This article explores the challenge of skills development in the workplace and learning for lifelong skills development.
Cloud containing the word 'skill' with arrows pointing out from different angles to link the words training, experience, ability, growth, advanced training, knowledge, learning and competence.
© DCU

In this article, we discuss how a changing world is leading to an emphasis on new types of skills and competencies.

This line of discussion raises a fundamental question: What is a skill? In responding to this question, we also explore various definitions and how to conceptualise different types of skills.

What is a skill?

There is no simple answer to the first question, as a skill can be defined in many different ways. According to the European Commision (2015), the word “skill”…

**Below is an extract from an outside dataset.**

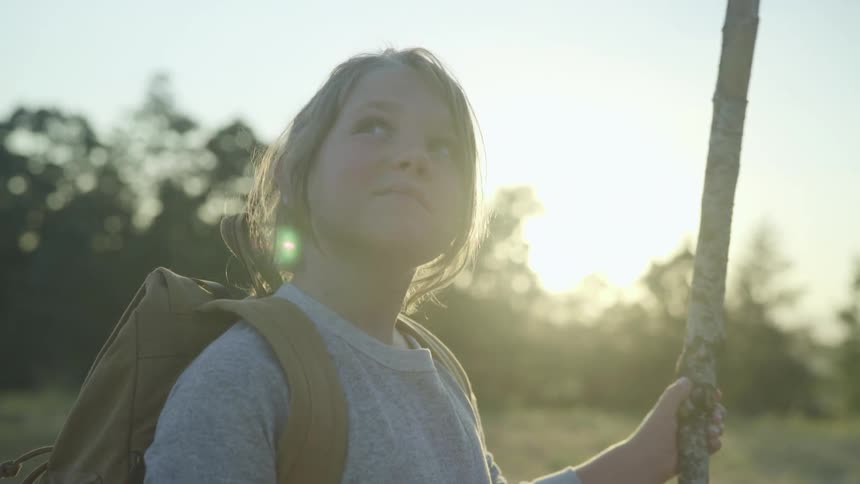A child holding a stick walking outside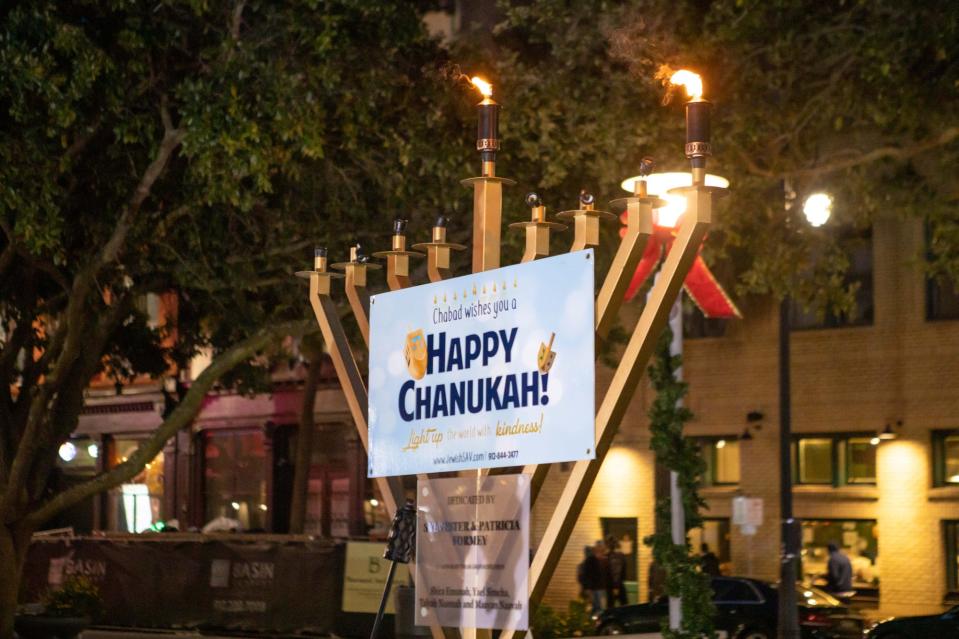 Chabad of Savannah begins the celebration of Hanukkah by lighting the first candle on the menorah in Ellis Square.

“Refers to the ability to apply knowledge, use know-how to complete tasks and solve problems and carry out the tasks that comprise a particular job. As an overarching/multidimensional concept/term, “skill” can be also used as a proxy measure on occupation, qualification, educational attainment (these measures have the benefit of being readily available in a range of quantitative datasets).
Other abilities, used at daily work, such as teamwork and problem-solving, are also considered as skills (however it is not always easy to be measured due to their subjective nature)”
In this definition, we see that the focus is very much on “doing” – what distinguishes a skill from knowledge, for example, is that it has a practical dimension.
As this definition implies, however, the concept of a “skill”, or the ability “to do”, can be inherently subjective.
The ability to expertly paint a picture, for example, might be easily-regarded as a “skill” (and an uncommon one, at that), but the nature of “problem-solving” involves elements that go beyond skill, as it reflects the knowledge, experience, and tacit forms of understanding which are difficult to separate from a wider constellation of competencies.
While these terms will not be new to many educators, for more information see Tony Bates’ discussion on this topic.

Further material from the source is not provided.